By the time of its November 11 announcement, the government was facing a triple whammy:
- The commodity price of electricity had already trended over 20% higher than expected from the date of the market opening. Scarcity of supply in the absence of lessening demand was possible with a likely result of further escalating prices. Generation competition was not on the immediate horizon. The further devolution of OPG assets might merely create more market dominant players rather than more competition. Electricity is not a commodity that can be stored, so all suppliers in a scarcity market are, potentially, high price-setters.
- Higher electricity bills with new itemized charges were enraging consumers. Provincial government MPPs were, in turn, incensed that the blame for increases in the municipal distribution charge was falling on them.
- Ten years of rate freezes with no new generation being developed was coming home to roost. OPG’s bedraggled nuclear program could not bring refurbished generation on line in accordance with its previous projections, creating the likelihood of the “perfect storm” for government political fortunes.
The public reaction to these events was, in no small measure, ignited by the government’s own overly-rosy predictions of the benefits of competition, which were likely due in part to the government’s reliance on the views of private industry proponents who had something to gain from restructuring.

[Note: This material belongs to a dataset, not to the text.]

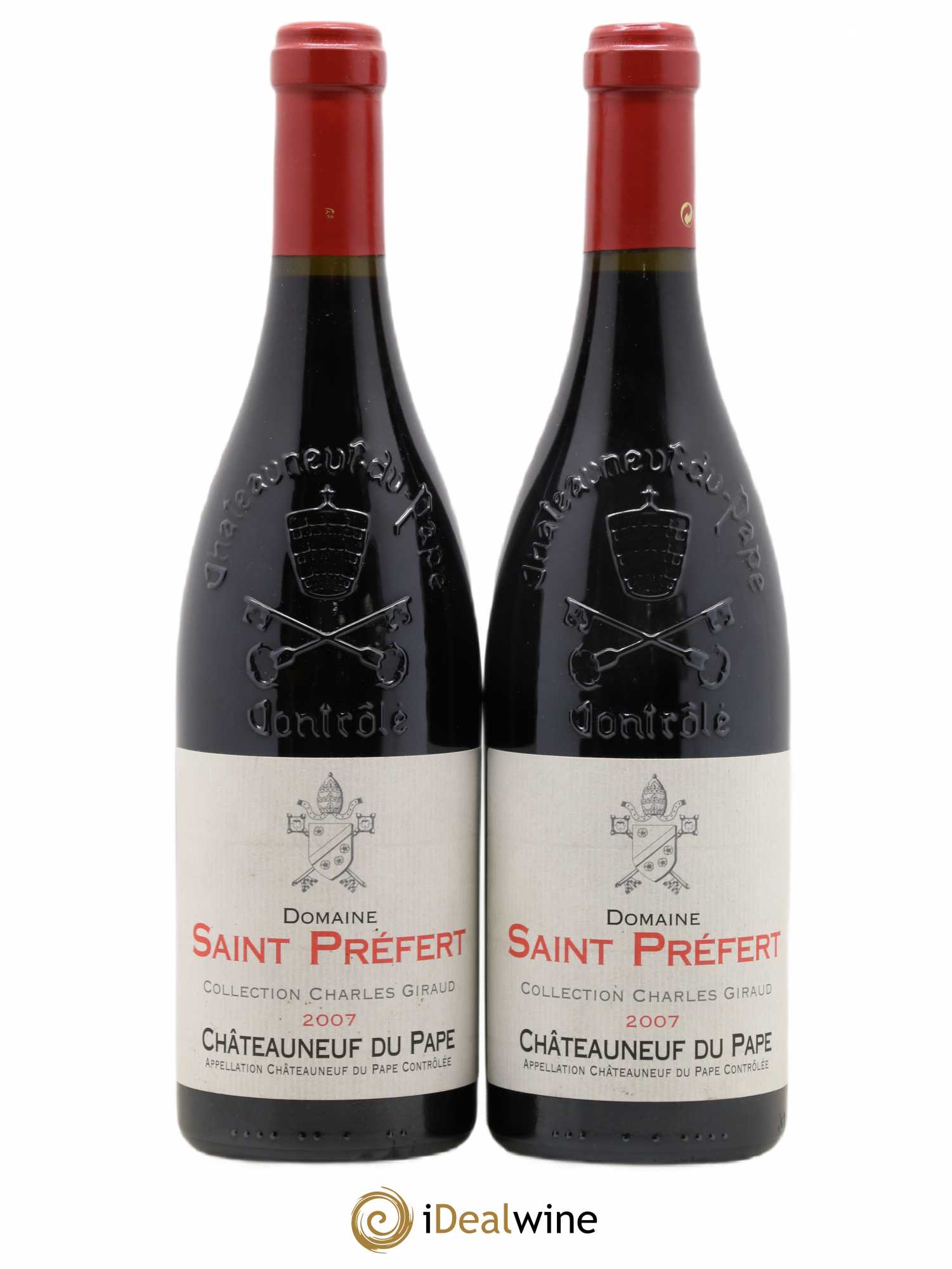 Châteauneuf-du-Pape Collection Charles Giraud Domaine Saint-Préfert 2007 - Lot de 2 bouteilles - 0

As well, there seemed to be a built-in mindset that somehow the infusion of entrepreneurial ambition into the operation of the electricity system would bring certain benefits for everyone. The sad sack nuclear program of Ontario Hydro certainly gave credence to the view that a dramatic change was needed. The fact that the price of electricity was almost 40% higher in the states that border on Ontario was no check on the dreams of competition theorists and would-be utility saviours.

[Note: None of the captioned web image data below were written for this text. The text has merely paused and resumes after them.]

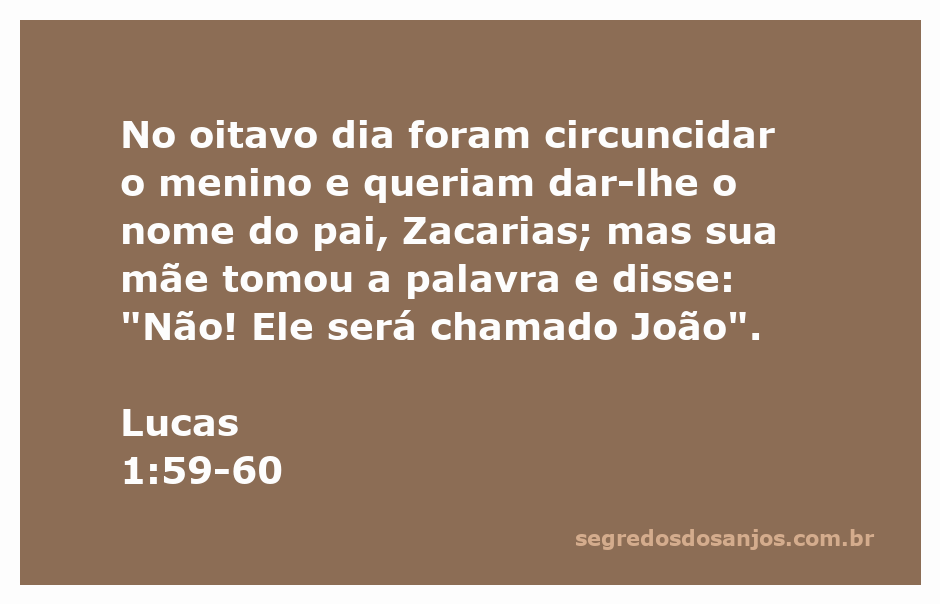 Imagem representativa da circuncisão do menino João, com destaque para sua mãe, que decide seu nome.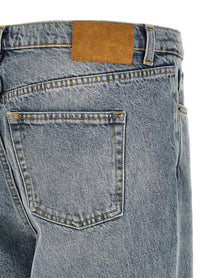 Riviera Project Tapered Leg Jeans Blue, view 4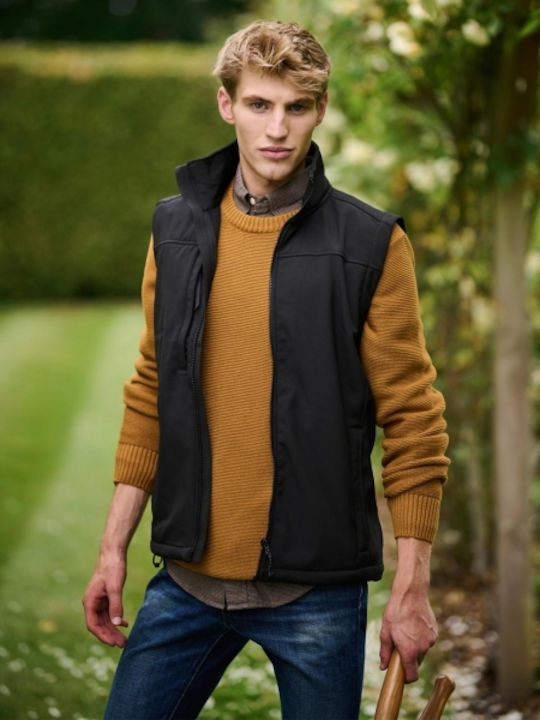 Flux TRA788 Αμάνικο Μπουφάν Softshell Αδιάβροχο και Αντιανεμικό Μαύρο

The current government’s solution is a little like putting a finger in a hole in the dike. Obviously, if demand does not abate and/or new supply is not developed, the taxpayer is going to be heavily subsidizing electricity ratepayers. The government must act swiftly to develop new supply and to closely monitor the electricity spot market to prevent California-style generator profiteering, now that there is a disconnect between supply and demand. Long-overdue requirements for a certain percentage of renewable energy in any distribution customer’s package would greatly assist alternative energy producers. Cost- effective savings mechanisms for consumers are needed. These include the wider application of interval meters to reward customers for adjusting their electricity use so as to reduce peak demand. While it is remarkable that the elaborate electricity restructuring plan should be jettisoned so quickly, it is not the time to re-fight old battles. Ontario’s electricity customers want understandable measures and results, however they are to be delivered.